There is an even more radical position, which is that there aren’t even arbitrarily large finite numbers. That’s ultra-finitism.

So we have:

  • Standard math in which we have infinite sets;

  • The Peano axioms in which we have infinitely many natural numbers, but not a set of them. That’s finitism.

  • The denial of arbitrarily large finite numbers. That’s ultra-finitism. There is no known axiomitization of ultra-finitism. It’s mostly the realm of cranks BUT there are a couple of famous serious ultra-finitists.

Okay I would intuitively agree that an infinite class is more sensible than an infinite set. But math isn’t about sensibility or intuition.

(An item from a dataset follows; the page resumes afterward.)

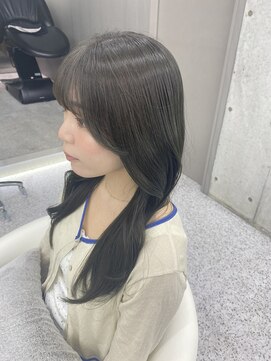 グローアイヴィ 大宮(GLROW IVY) オリーブグレージュ/くびれ巻き/ワンホンヘア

I do know there are different classes of infinity, such as the infinite row of integers is different in math from the infinite row of real numbers.

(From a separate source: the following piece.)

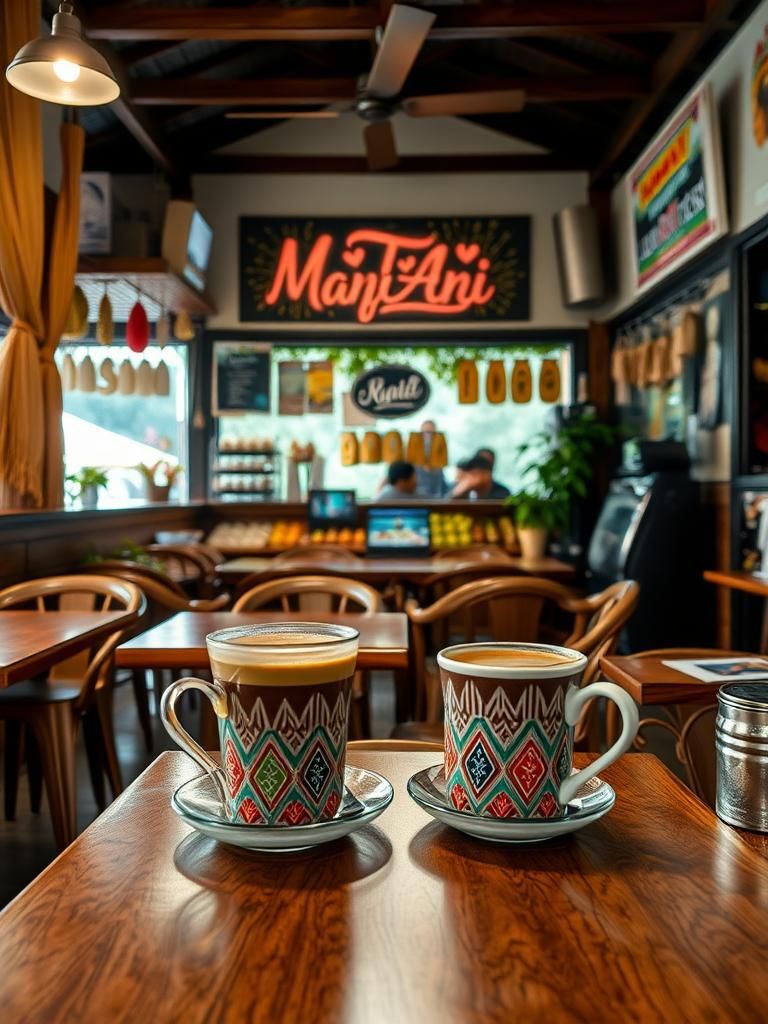 Kopi Ais Mamu Ikat Tepi Langkawi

How long is a moment? You have to know how long a moment is before you can calculate how many exist. :slight_smile:

How long is 1 second? quora.com/How-long-is-1-sec … measured-1

It is basically the time taken by light of specified wavelength emitted by a Cesium 133 atom to execute 9,192,631,770 vibrations.

Right after the big bang there was no cesium 133, so how long was 1 second? Time has no intrinsic meaning but is only a relation of one thing to another thing. If it helps to see a phd physicist and philosopher say the same thing, fwd to 38:00 here youtube.com/watch?v=N-NTXoYTvao

(Btw the consensus of those 4 guys is that time is not fundamental. The guy on the right however disagrees somewhat because if the laws of the universe are emergent, then they must have evolved through time and therefore time could not be a product of the fundamental laws, yet he still doesn’t see time as truly fundamental.)

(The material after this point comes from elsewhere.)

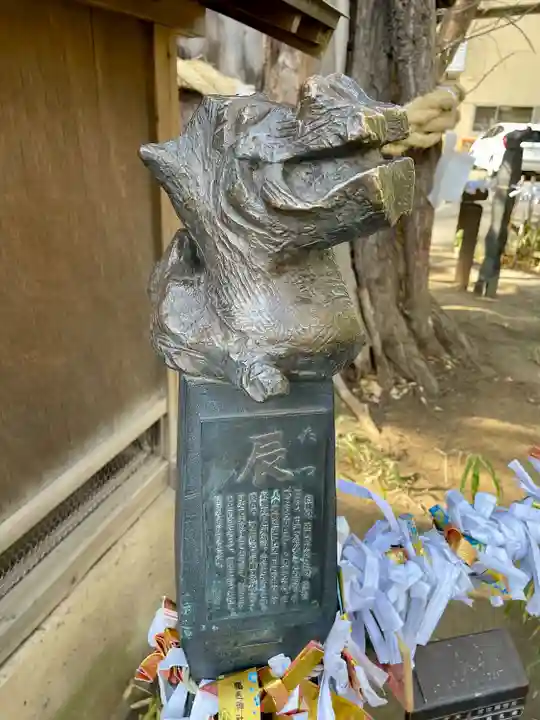 稲毛神社(神奈川県)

There could be a seemingly infinite number of seconds in the finite span between now and the big bang just like there are seemingly infinite numbers of numbers between 0 and 1 because time is related to the very thing that was created and what we call seconds are changing the closer we get to the beginning (light moves faster), but this infinity is only an illusion produced by infinite regression once again because seconds are defined by the thing we’re trying to measure.

Asking what came before the big bang is akin to asking what’s north of the north pole: there is no north of the north pole and there is no before the beginning.

Truth is independent of majority consensus and, apart from grass being green and the sky blue, majority opinion is more likely to be wrong than right.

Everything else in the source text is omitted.